Potje schaken, dammen of bridgen in verenigings- of wedstrijdverband. Omdat dit voorheen fiscaal gezien niet ‘sport’ werd gekwalificeerd, werd er geen btw over geheven. Maar als gevolg van een arrest van het Europees Hof van Justitie moeten voortaan ook Nederlandse denksporters omzetbelasting betalen, waarmee naar schatting jaarlijks €1 miljoen aan belastinggeld wordt binnengehaald.

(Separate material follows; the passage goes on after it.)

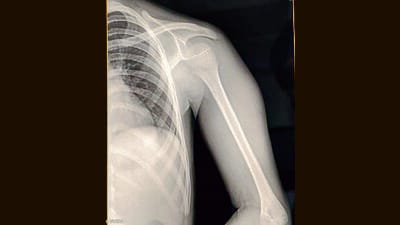 Police are verifying the family’s claim of a fracture. Prima facie, the widely circulated video and X-ray report suggest a dislocation of the shoulder rather than a fracture, officers said. (HT Photos) Police are verifying the family’s claim of a fracture. Prima facie, the widely circulated video and X-ray report suggest a dislocation of the shoulder rather than a fracture, officers said. (HT Photos)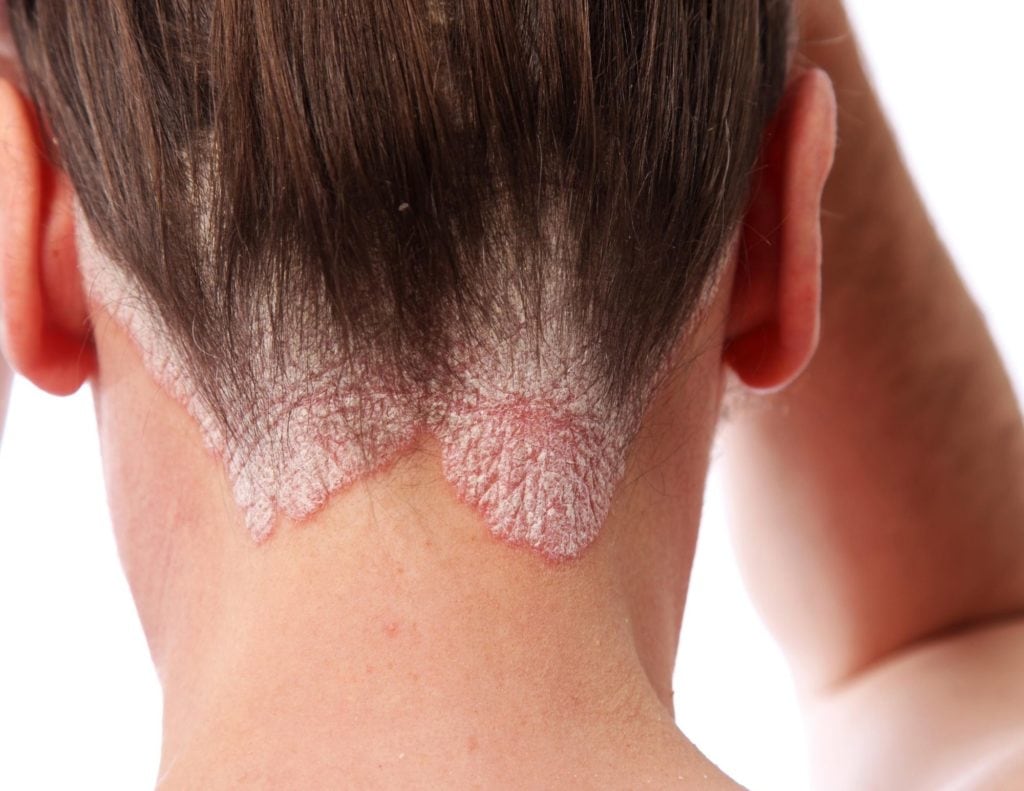 Nuca e couro cabeludo na linha do cabelo com psoríase: placas avermelhadas recobertas por escamas espessas e esbranquiçadas junto à raiz dos cabelos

Staatssecretaris Menno Snel van Financiën heeft dat laten weten aan de Tweede Kamer, in antwoord op vragen van de leden Bruins Slot, Omtzigt (beiden CDA) en Rudmer Heerema (VVD). Zij vroegen of de staatssecretaris het, net zoals zij, onwenselijk zou vinden als door een Europees arrest denksportbonden en -verenigingen in Nederland financieel nadeel ondervinden van deze uitspraak. ‘Als denksportbonden en –verenigingen financieel nadeel en/of een afname van het ledental ondervinden, vind ik dat een onwenselijk gevolg van het arrest’, alntwoord de staatssecretaris in een brief.
Vrijstelling
In Nederland maar ook elders in Europa is het gebruikelijk dat sportverenigingen van een btw-vrijstelling genieten. Zij hoeven geen btw te heffen over diensten, waardoor de contributies of inschrijfgelden voor toernooien lager zijn. Voor denksporten gaat dat dus veranderen, als gevolg van een uitspraak van het Europese Hof van Justitie uit oktober 2017. In die zaak, waarbij de Britse bridgevereniging pleitte voor btw-vrijstelling, is aangegeven dat bridge ‘een te verwaarlozen lichamelijke component’ heeft en daarmee niet onder (van btw vrijgestelde) sport valt. Door de btw-heffing moet iedere georganiseerde denksporter van hen naar schatting tussen de €5 tot €10 per jaar meer gaan betalen. De Kamerleden doen nog een poging met de suggestie dat denksporten in het vervolg onder ‘culturele diensten’ (vrijgesteld van btw) kunnen vallen, maar de staatssecretaris heeft dat niet overgenomen.